Overview of FeaturesΒΆ

Features are used to classify different groups of biomarkers with clinical relevance for cancer to support curation of structured data relevant to that type of biomarker. Features in CIViC are currently Genes, Fusions, and Factors, with other Features under development and planned for the future. Genes are specific regions (loci) in the genome, named using HUGO nomenclature (from Entrez Gene), and associated with structured data such as Ensembl transcripts, aliases, and protein domains. The original CIViC Variant data model was built entirely around Genes, and the majority of CIViC documentation is based on curation of variants directly associated to the Gene Feature class. But with that in mind, the data model for other Features broadly follows many aspects of the data model for Genes, including the relationship between Genes and Variants as seen below.

Feature Types in CIViC

Feature Types in CIViC
Figure 1: Three Feature types exist in CIViC. Genes, which were the original Feature type, along with Fusions and Factors.

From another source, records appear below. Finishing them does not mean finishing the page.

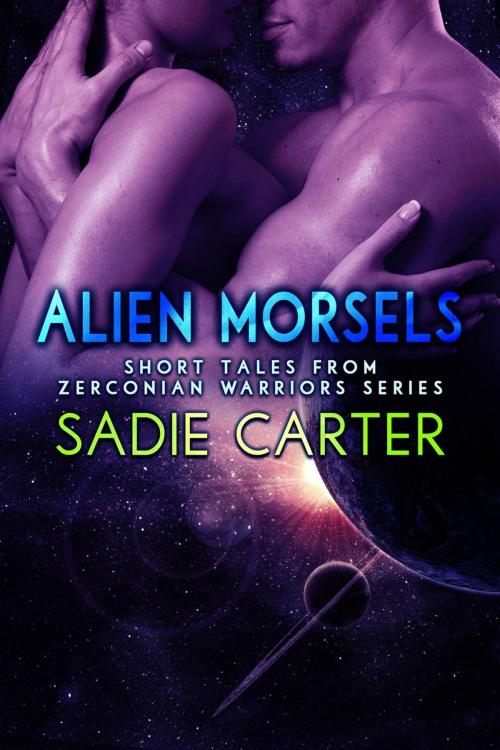 Cover of the book Alien Morsels: Short Tales from Zerconian Warrior Series by Sadie Carter, Sadie Carter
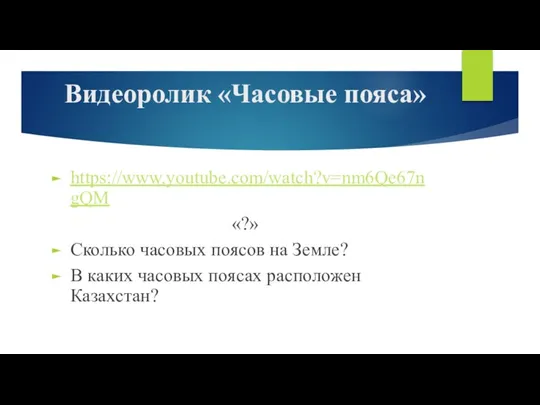 Видеоролик «Часовые пояса» https://www.youtube.com/watch?v=nm6Qe67ngQM «?» Сколько часовых поясов на Земле? В каких часовых поясах расположен Казахстан?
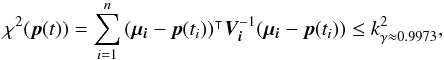 \appendix \setcounter{section}{2} \begin{equation} \rchi^2(\vec{p}(t)) = \sum\limits_{i=1}^n\transposee{(\vec{\mu_i}-\vec{p}(t_i))} \bm{V_i}^{-1}(\vec{\mu_i}-\vec{p}(t_i)) \le k_{\gamma\approx 0.9973}^2, \end{equation}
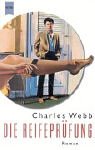 Die Reifeprüfung - Charles Webb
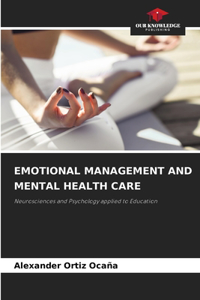 Emotional Management and Mental Health Care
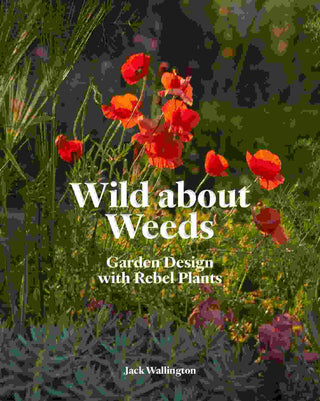 Wild About Weeds : Garden Design with Rebel Plants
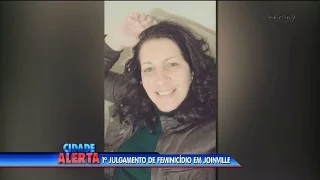 Justiça deve realizar primeiro julgamento de feminicídio em Joinville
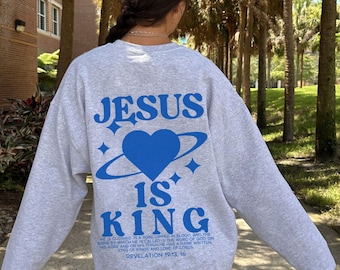 Jesus Is King Sweater Jesus Is King Christian Merch Bible Verse Shirt Christian Streetwear God Sweatshirt Jesus Sweater Christian Crewneck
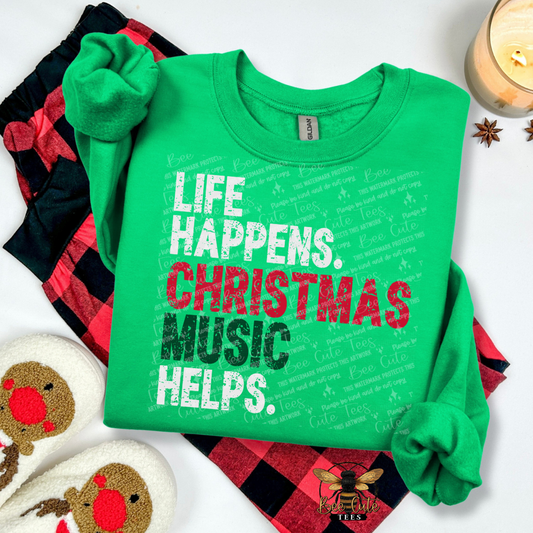 Life Happens Christmas Music Helps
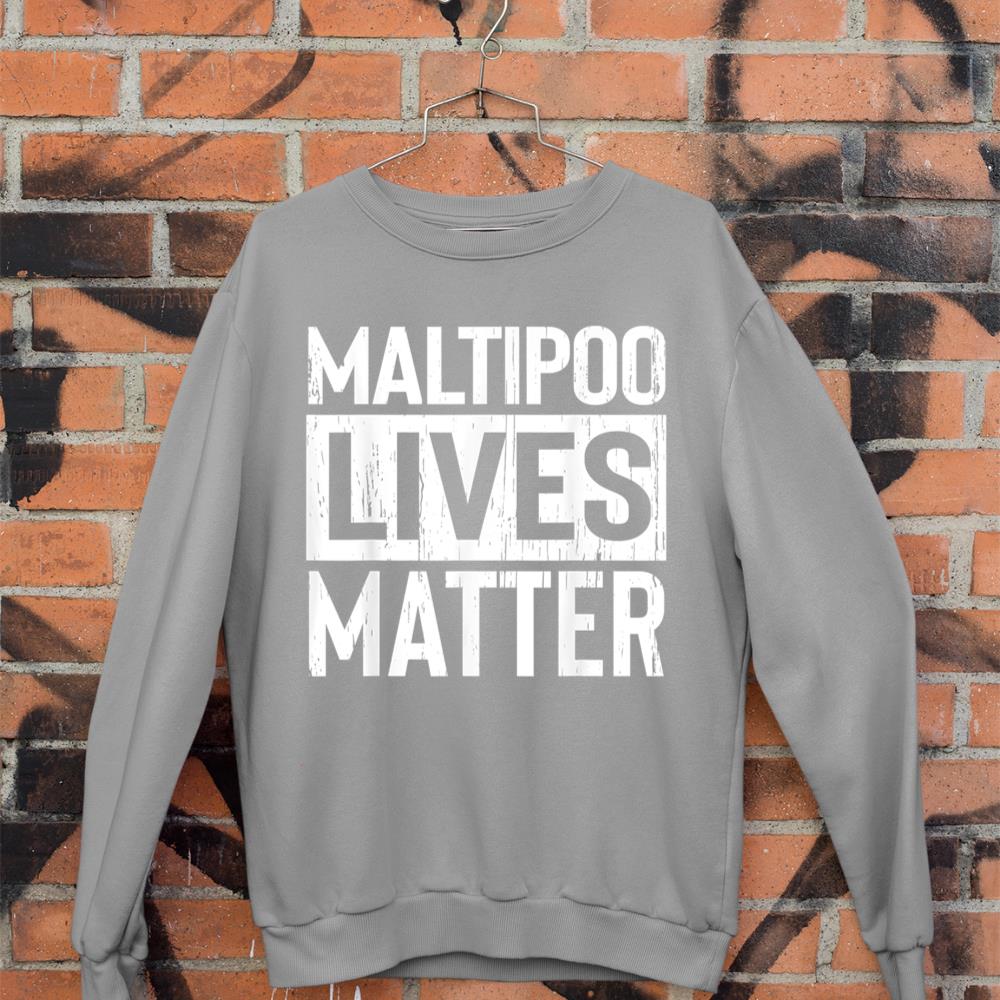 Maltipoo Dog Lives Matter Funny Gift Sweatshirt - Image 5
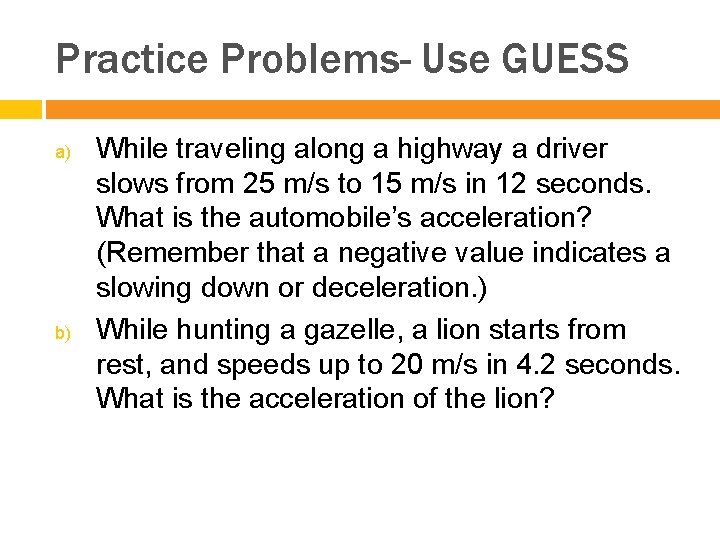 Practice Problems- Use GUESS a) b) While traveling along a highway a driver slows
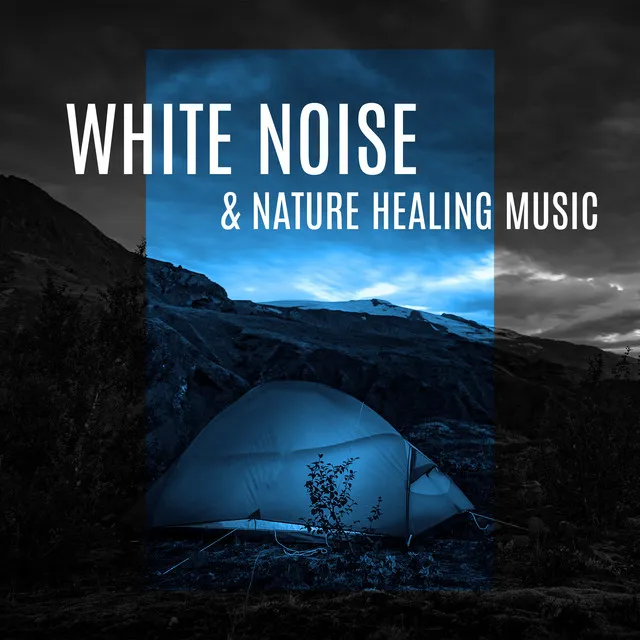 White Noise & Nature Healing Music - Meditation, Peace, Water Sounds, Mind Relaxation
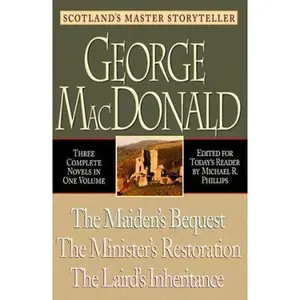 USED-The Maiden's Bequest, the Minister's Restoration, the Laird's Inheritance: Three Novels in One Volume by George MacDonald (Hardcover)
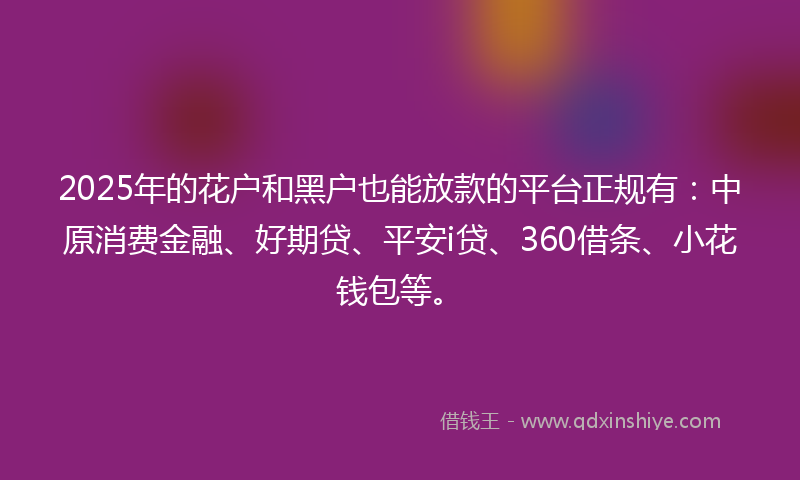 2025年的花户和黑户也能放款的平台正规有：中原消费金融、好期贷、平安i贷、360借条、小花钱包等。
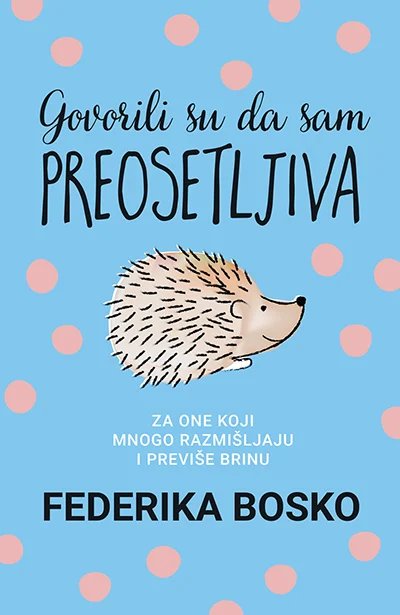 GOVORILI SU DA SAM PREOSETLJIVA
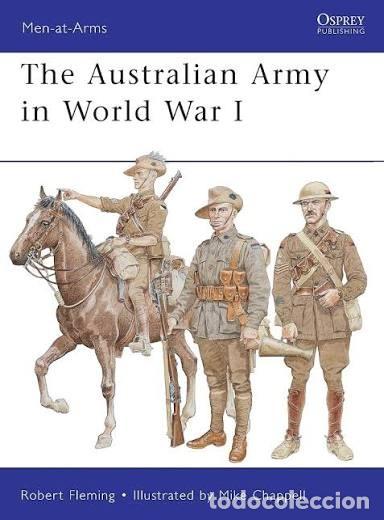 Militaria: men-at-arms 478 The Australian Army in World War I OSPREY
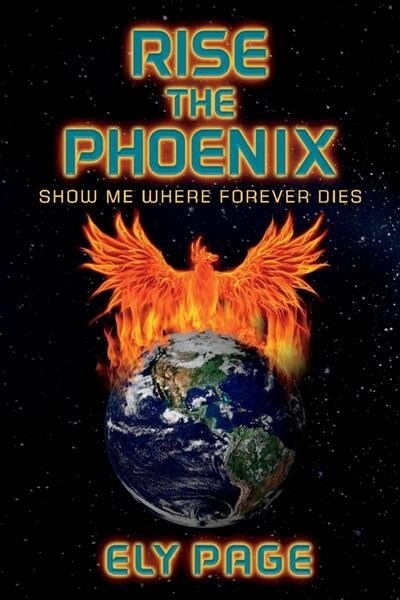 Rise the Phoenix: Show Me Where Forever Dies Volume 1 (Paperback)
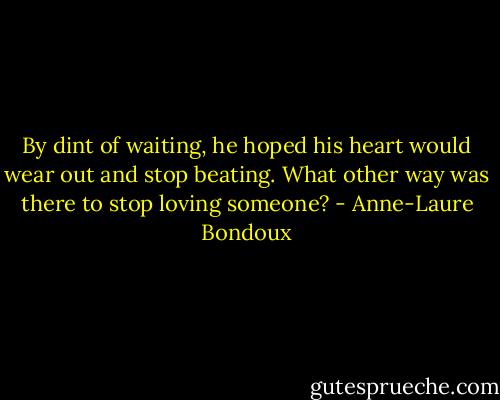 By dint of waiting, he hoped his heart would wear out and stop beating. What other way was there to stop loving someone? - Anne-Laure Bondoux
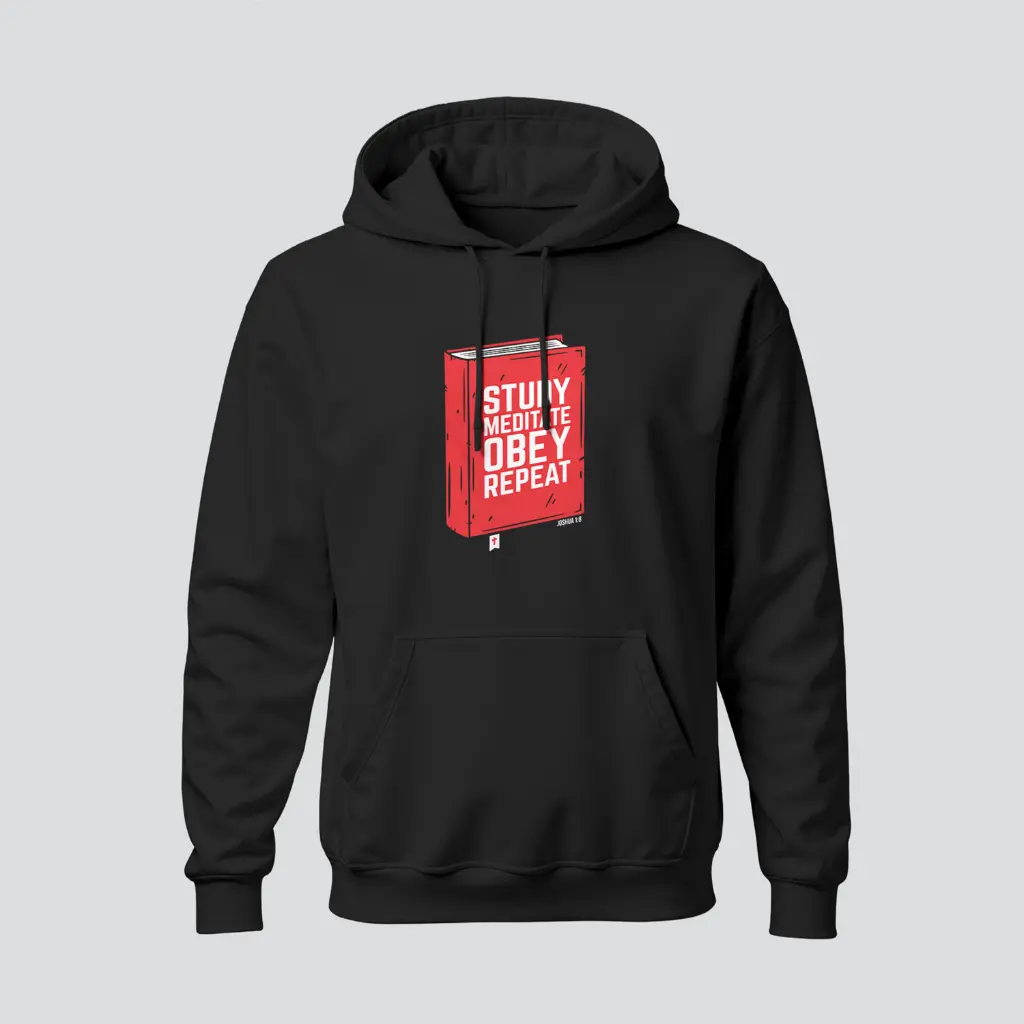Study, Obey, Repeat | Joshua1:8 | Christian Bible Verse Hoodies | Unisex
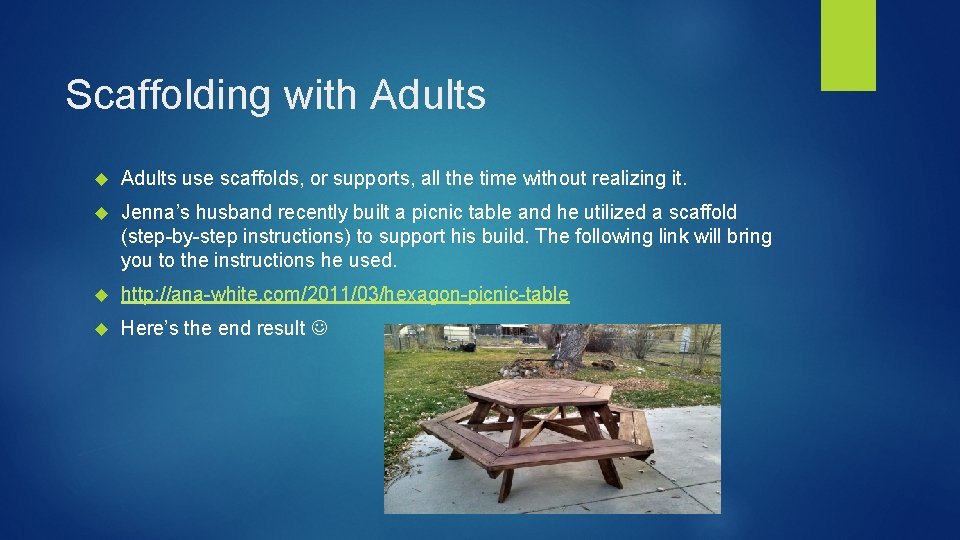 Scaffolding with Adults use scaffolds, or supports, all the time without realizing it. Jenna’s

Generalizing the Gene-Variant data model to a Feature-Variant data model

Variant Group Attributes and Associations
Figure 2: The initial Gene-Variant data model of CIViC was generalized to Feature-Variant model, where each Feature has one or more Variants associated to it. New Variants are created by curators as new Evidence Items for that Variant are added to CIViC.

Features generalize a fundamental relation between a Gene and its Variants, so that for any instance of a Feature, multiple different variants may be associated with it. For example, a Fusion (Fusions are a class of Feature in CIViC) such as EML4::ALK can be associated with multiple Variants. In the case of Fusions, Variants may include different exon combinations, such as e6::e20 (EML4 exon 6 fused to ALK exon 20) and e20::e20, or the representative Fusion bucket variant when the specific breakpoints are not known (see section on Fusions and sections on other Feature types for more in-depth examples). With this generalization of the Gene-Variant data model to Features, it is especially useful to think of Variants in CIViC in terms of Feature-Variant pairs (e.g. BRAF V600E, HPV Positive, EGFR Mutation, EML4::ALK e6::e20, v::ALK Fusion). An overview of different Features in CIViC which are either implemented or under development is shown in the figure below:

Feature Types in the CIViC Data Model

Figure of Feature Types in the CIViC Data Model
Figure 3: The updated CIViC data model, which is partially implemented, contains four classes of Features. Genes were the first Feature implemented in CVIiC, and the data model was built around Genes and Gene based Variants, following a flexible model for the Variants. The Region feature type is currently under development, and consists of genomic regions. The Factor Feature type captures biomarkers with clinical relevance which are not tied to genes or regions such as kataegis, microsatellite instability, and the presence of HPV. This Feature type is coordinate free. The other Feature type is Fusion, encompassing transcript and regulatory fusions.